What the task requires – Give back, unchanged, each line from the one containing "Brow Code 122" through the last line of the entries below.

Extracted data entries:
━━━━━━━━━━━━━━━━━━━━
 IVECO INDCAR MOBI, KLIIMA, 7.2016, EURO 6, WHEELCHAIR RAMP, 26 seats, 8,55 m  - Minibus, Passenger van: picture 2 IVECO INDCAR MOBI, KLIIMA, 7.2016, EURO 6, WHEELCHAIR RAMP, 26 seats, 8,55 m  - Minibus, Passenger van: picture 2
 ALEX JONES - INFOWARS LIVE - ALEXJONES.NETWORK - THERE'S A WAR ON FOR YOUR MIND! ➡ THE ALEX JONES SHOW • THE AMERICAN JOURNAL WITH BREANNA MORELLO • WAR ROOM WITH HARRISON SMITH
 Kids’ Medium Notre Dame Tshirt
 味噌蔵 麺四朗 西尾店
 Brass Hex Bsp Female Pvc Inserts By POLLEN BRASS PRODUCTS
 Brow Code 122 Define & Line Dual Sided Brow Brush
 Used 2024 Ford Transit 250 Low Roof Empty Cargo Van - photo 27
━━━━━━━━━━━━━━━━━━━━
Reply to the exercise –
 Brow Code 122 Define & Line Dual Sided Brow Brush
 Used 2024 Ford Transit 250 Low Roof Empty Cargo Van - photo 27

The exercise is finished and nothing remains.